RuntimeError: element 0 of tensors does not require grad and does not have a grad_fn

mthrok · 2020-10-26T14:54:01Z

Hi @turian

Thanks for the snippet. I confirm that I am seeing the same error.

I updated my previous snippet to use the lowpass_biquad and realized that even the forward function does not work.

import torch
import torchaudio.functional as F


class Net(torch.nn.Module):
    def __init__(self):
        super().__init__()
        self.fp = torch.tensor((440.0), requires_grad=True)

    def forward(self, x):
        return F.lowpass_biquad(x, sample_rate=16000, cutoff_freq=self.fp)


def test(device, dtype):
    net = Net().to(device=device, dtype=dtype)
    x = torch.rand(2, 8000, dtype=dtype, device=device, requires_grad=True)
    y = net(x)
    net.zero_grad()
    y.backward(torch.randn_like(y))
    print('a_grad:', net.a.grad)
    print('b_grad:', net.b.grad)
    print('x_grad:', x.grad)

for device in ['cpu', 'cuda']:
    for dtype in [torch.float32, torch.float64]:
        print(f'Running {device}, {dtype}')
        test(device, dtype)

Traceback (most recent call last):
  File "bar.py", line 27, in <module>
    test(device, dtype)
  File "bar.py", line 17, in test
    y = net(x)
  File "/home/moto/conda/envs/PY3.8-cuda101/lib/python3.8/site-packages/torch/nn/modules/module.py", line 727, in _call_impl
    result = self.forward(*input, **kwargs)
  File "bar.py", line 11, in forward
    return F.lowpass_biquad(x, sample_rate=16000, cutoff_freq=self.fp)
  File "/scratch/moto/torchaudio/torchaudio/functional.py", line 703, in lowpass_biquad
    return biquad(waveform, b0, b1, b2, a0, a1, a2)
  File "/scratch/moto/torchaudio/torchaudio/functional.py", line 636, in biquad
    output_waveform = lfilter(
  File "/scratch/moto/torchaudio/torchaudio/functional.py", line 594, in lfilter
    o0.addmv_(windowed_output_signal, a_coeffs_flipped, alpha=-1)
RuntimeError: Output 0 of UnbindBackward is a view and is being modified inplace. This view is the output of a function that returns multiple views. Such functions do not allow the output views to be modified inplace. You should replace the inplace operation by an out-of-place one.

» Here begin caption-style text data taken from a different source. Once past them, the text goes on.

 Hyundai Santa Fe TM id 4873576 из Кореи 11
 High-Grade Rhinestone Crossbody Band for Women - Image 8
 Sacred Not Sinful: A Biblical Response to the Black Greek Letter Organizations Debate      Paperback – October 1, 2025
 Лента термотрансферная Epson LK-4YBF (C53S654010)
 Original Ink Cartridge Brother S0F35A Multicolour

turian · 2020-12-04T02:28:48Z

@FBMachine what is the inplace operation in the latest master?

https://github.com/pytorch/audio/blob/5e54c770b41bbdb7b228fe511b364f3f2aa96a88/torchaudio/functional/__init__.py

Can you please copy and paste the offending lines here?

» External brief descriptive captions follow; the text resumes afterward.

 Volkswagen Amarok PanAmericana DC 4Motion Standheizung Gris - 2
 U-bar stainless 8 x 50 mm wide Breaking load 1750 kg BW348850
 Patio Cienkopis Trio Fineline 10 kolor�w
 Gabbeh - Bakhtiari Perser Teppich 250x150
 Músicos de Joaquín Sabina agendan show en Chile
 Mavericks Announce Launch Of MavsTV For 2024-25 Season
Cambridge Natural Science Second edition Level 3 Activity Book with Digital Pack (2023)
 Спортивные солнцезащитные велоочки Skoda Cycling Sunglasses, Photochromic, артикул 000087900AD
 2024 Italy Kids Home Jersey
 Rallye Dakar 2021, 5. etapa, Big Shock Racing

turian · 2020-12-05T17:43:33Z

@FBMachine It appears nnAudio has a lowpass filter that is differentiable:

import nnAudio.utils
import torch
from torch.nn.functional import conv1d, fold
lowpass_filter = torch.tensor(nnAudio.utils.create_lowpass_filter(
                                                    band_center = 0.5,
                                                    kernelLength=256,
                                                    transitionBandwidth=0.001
                                                    )
                             )
lowpass_filter = lowpass_filter[None,None,:]
x = torch.rand(10000)[None,None,:]
y = conv1d(x,lowpass_filter,stride=1, padding=(lowpass_filter.shape[-1]-1)//2)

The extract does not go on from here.